# Your instructions:
Using the records that follow, reproduce exactly the lines starting at the line containing "Close-up of boneless" and ending at the line containing "18&#34; x 24&#34;". Include both end lines and no pictures.

# Provided records:
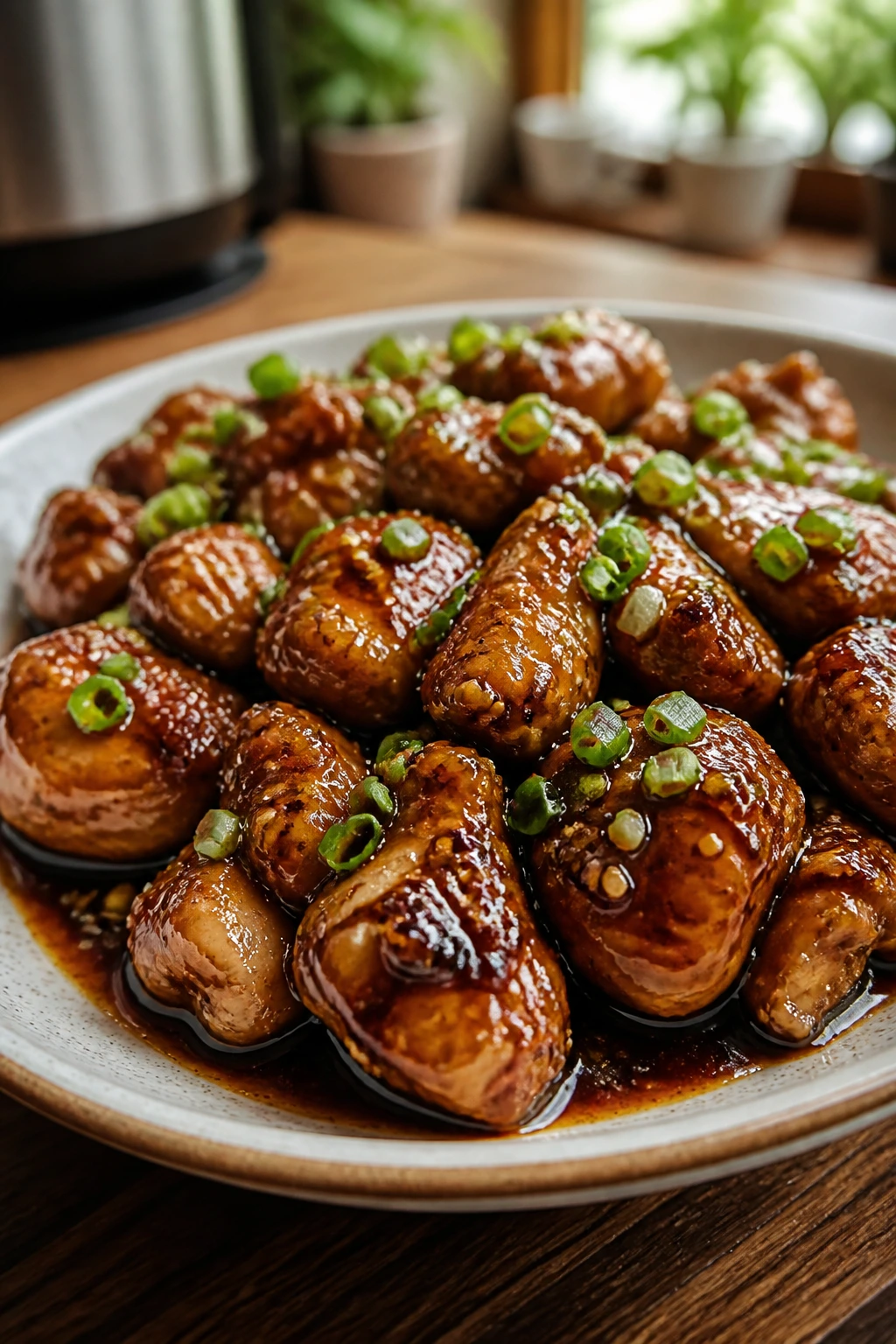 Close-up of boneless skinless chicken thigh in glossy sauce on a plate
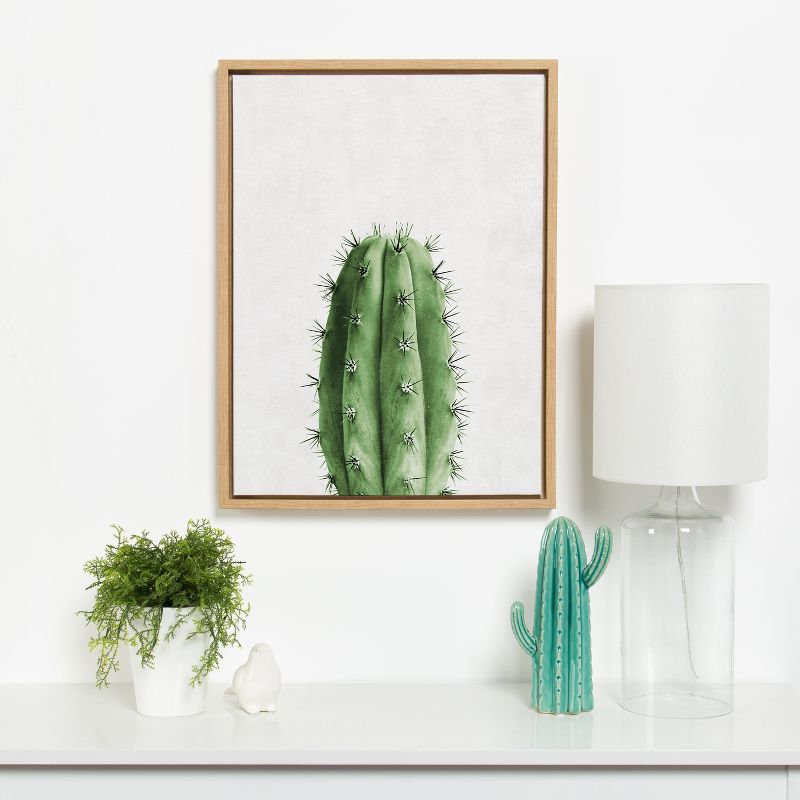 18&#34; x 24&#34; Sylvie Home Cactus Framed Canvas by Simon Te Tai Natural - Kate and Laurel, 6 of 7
---
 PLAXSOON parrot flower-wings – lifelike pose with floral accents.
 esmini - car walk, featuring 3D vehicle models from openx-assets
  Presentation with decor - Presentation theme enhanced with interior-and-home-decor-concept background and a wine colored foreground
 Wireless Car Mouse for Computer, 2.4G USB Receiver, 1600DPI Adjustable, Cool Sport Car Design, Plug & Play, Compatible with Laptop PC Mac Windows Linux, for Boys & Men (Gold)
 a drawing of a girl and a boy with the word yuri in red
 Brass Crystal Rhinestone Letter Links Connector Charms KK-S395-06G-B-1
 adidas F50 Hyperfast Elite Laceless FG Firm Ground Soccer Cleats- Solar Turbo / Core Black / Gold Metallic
* * *
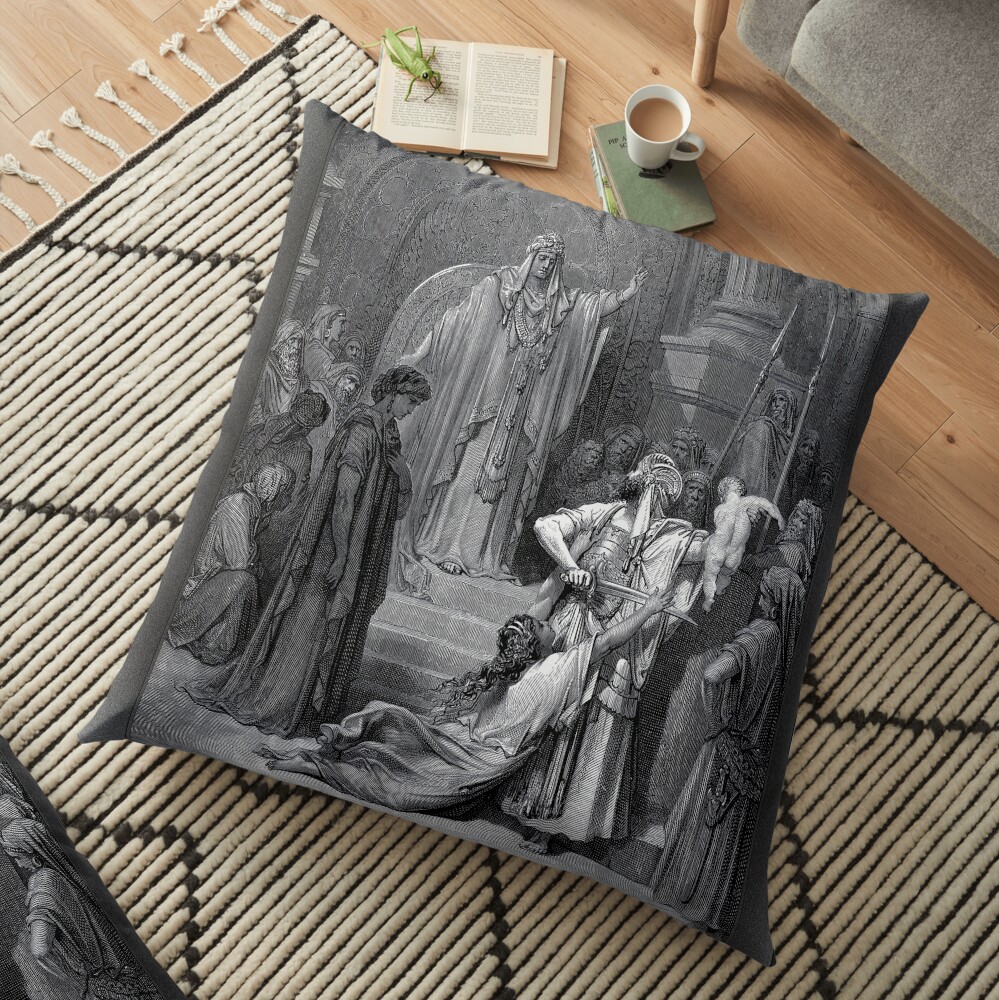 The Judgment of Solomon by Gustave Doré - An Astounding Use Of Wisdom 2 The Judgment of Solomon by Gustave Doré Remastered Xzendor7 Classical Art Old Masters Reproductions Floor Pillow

# Response to the task:
 Close-up of boneless skinless chicken thigh in glossy sauce on a plate
 18&#34; x 24&#34; Sylvie Home Cactus Framed Canvas by Simon Te Tai Natural - Kate and Laurel, 6 of 7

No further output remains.